Sozialgerichtliches Verfahren. Rechtsanwaltsvergütung. Terminsgebühr. Berücksichtigung von Wartezeiten bei der Bewertung des Umfangs der anwaltlichen Tätigkeit

 

Leitsatz (amtlich)

Wartezeiten eines Rechtsanwalts vor einem Termin zur mündlichen Verhandlung, die die in der Ladung mitgeteilte Uhrzeit um mehr als 15 Minuten überschreiten und die allein der Sphäre des Gerichts zuzurechnen sind, wirken sich bei der Bewertung des Umfangs der anwaltlichen Tätigkeit erhöhend aus (Anschluss an LSG Schleswig vom 22.11.2016 - L 5 SF 91/15 B E = AnwBl 2017, 449).

 

Tenor

I. Auf die Erinnerung des Erinnerungsführers wird der Festsetzungsbeschluss des Sozialgerichts Dresden vom 23. November 2016 - S 20 AS 7587/13 - dahingehend abgeändert, dass die aus der Staatskasse an den Erinnerungsführer zu zahlenden Gebühren und Auslagen auf insgesamt 577,15 € festgesetzt werden.

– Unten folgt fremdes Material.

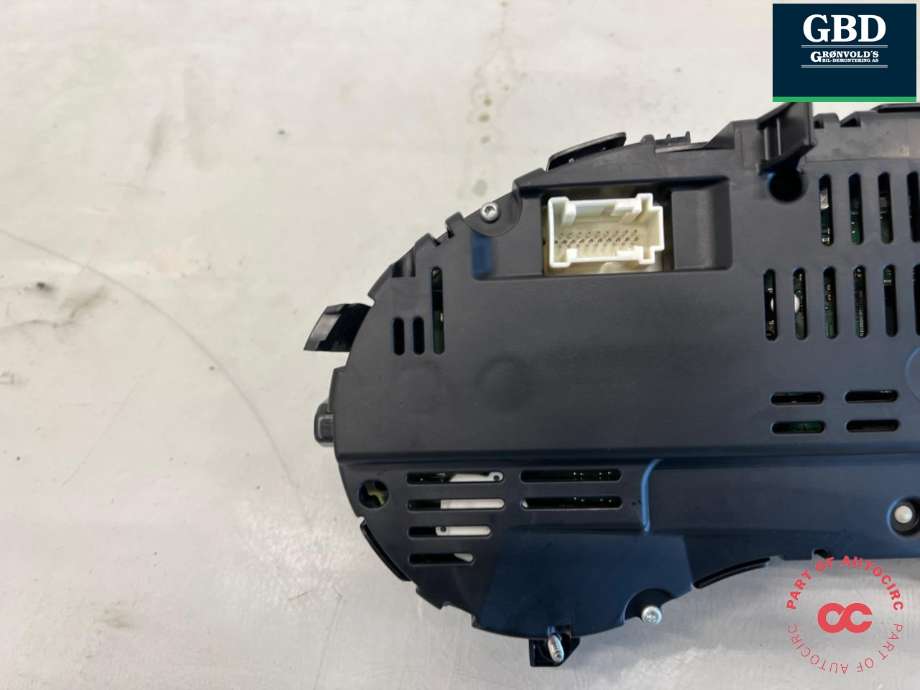 Instrumentpanel til Mercedes B-Klasse, electric drive 2014-2018 (W242) (W242) (A 242 900 45 02|A 242 900 30 02|)
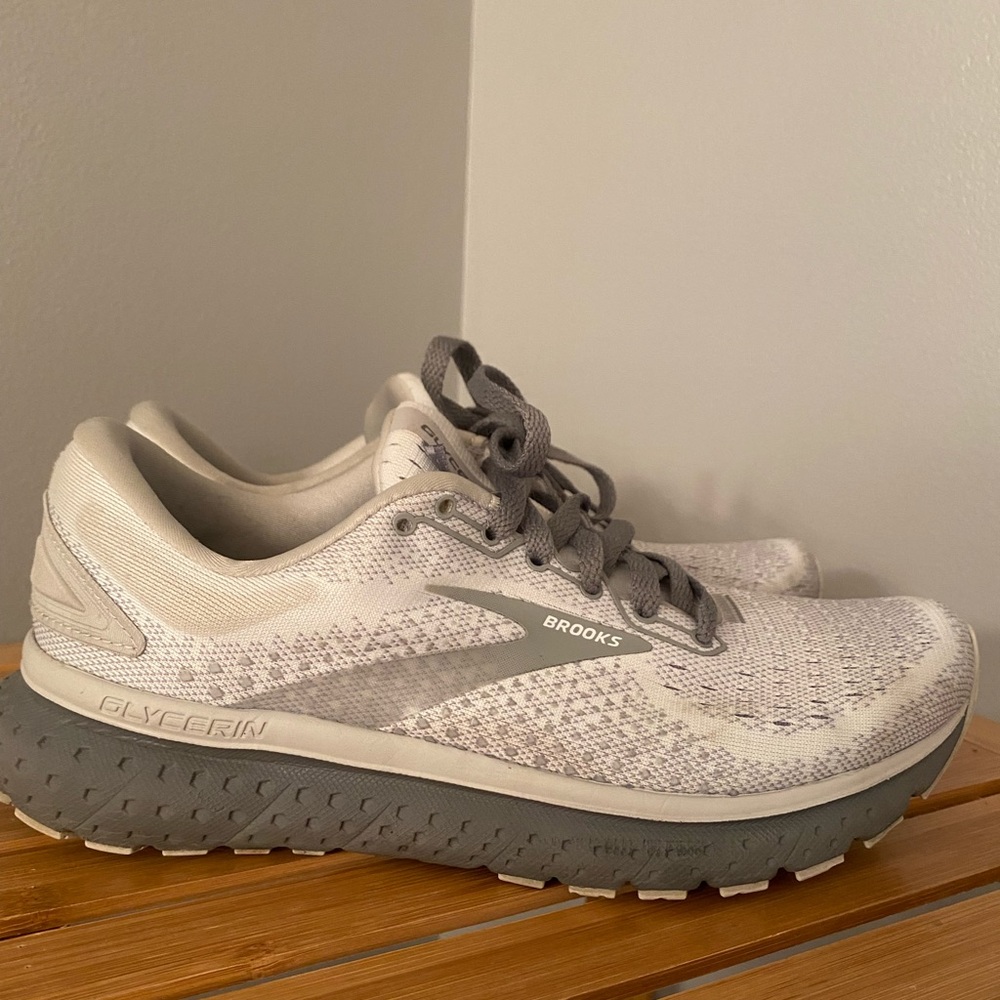 Brooks Glycerin  running shoe !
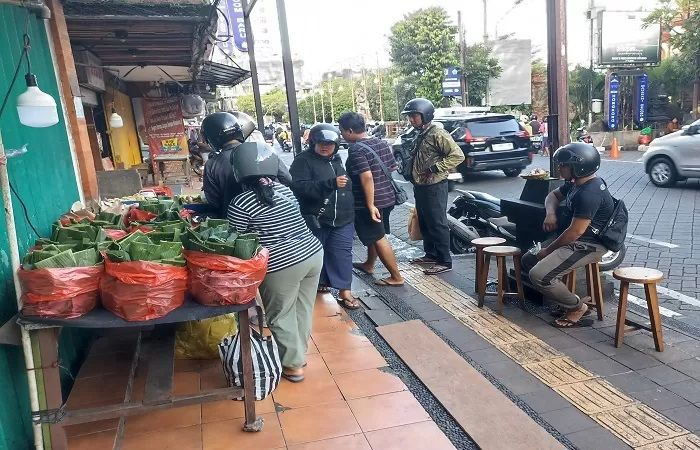 Pedagang Nasi Jinggo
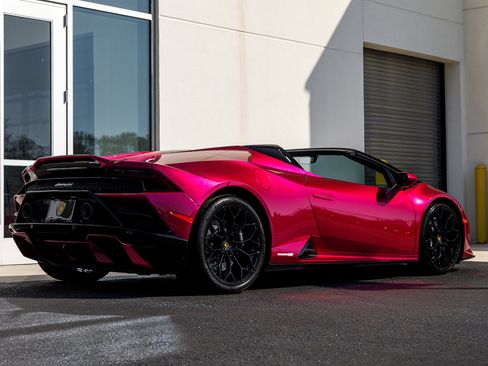 Used 2022 Lamborghini Huracan EVO image 20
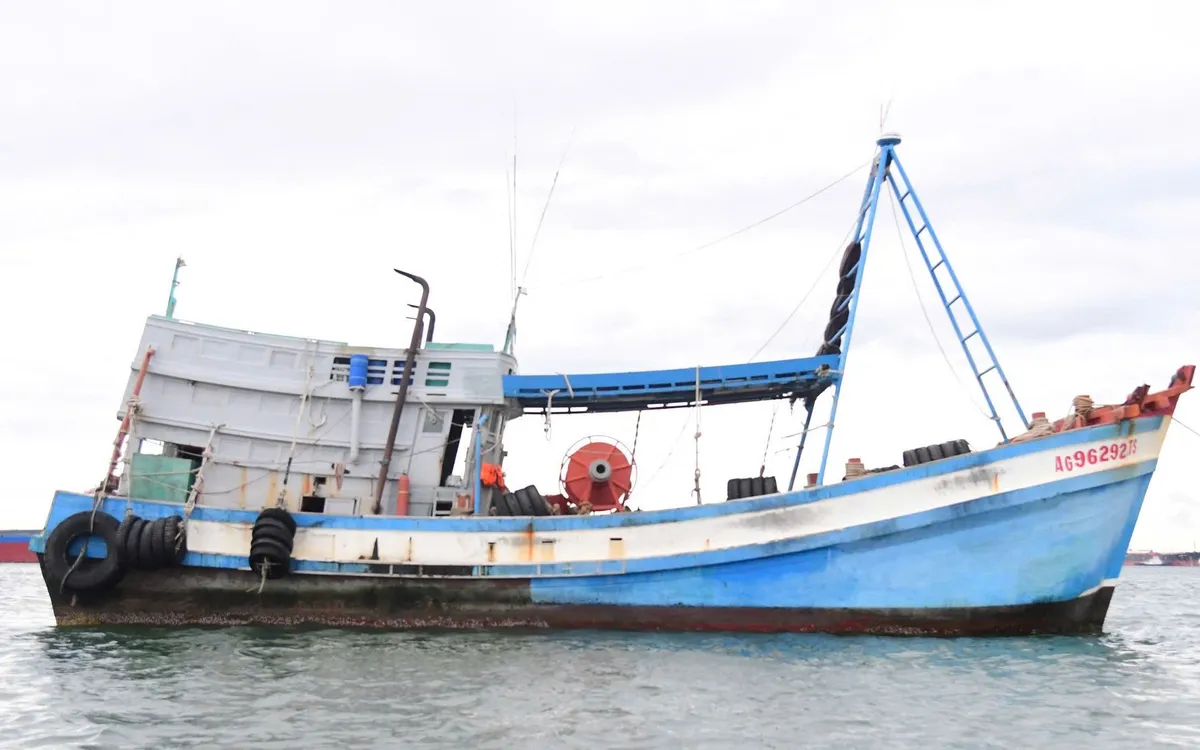 Tổ công tác Biên đội IV/25 dẫn giải Tàu cá AG – 96292 TS về cảng Hải đoàn Biên phòng 18. Ảnh: BP.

II. Das Verfahren ist gebührenfrei; Kosten sind nicht zu erstatten.

III. Die Beschwerde wird zugelassen.

 

Gründe

I.

Streitig ist die Höhe der aus der Staatskasse zu erstattenden Vergütung des im Rahmen der Prozesskostenhilfe (PKH) beigeordneten Rechtsanwalts.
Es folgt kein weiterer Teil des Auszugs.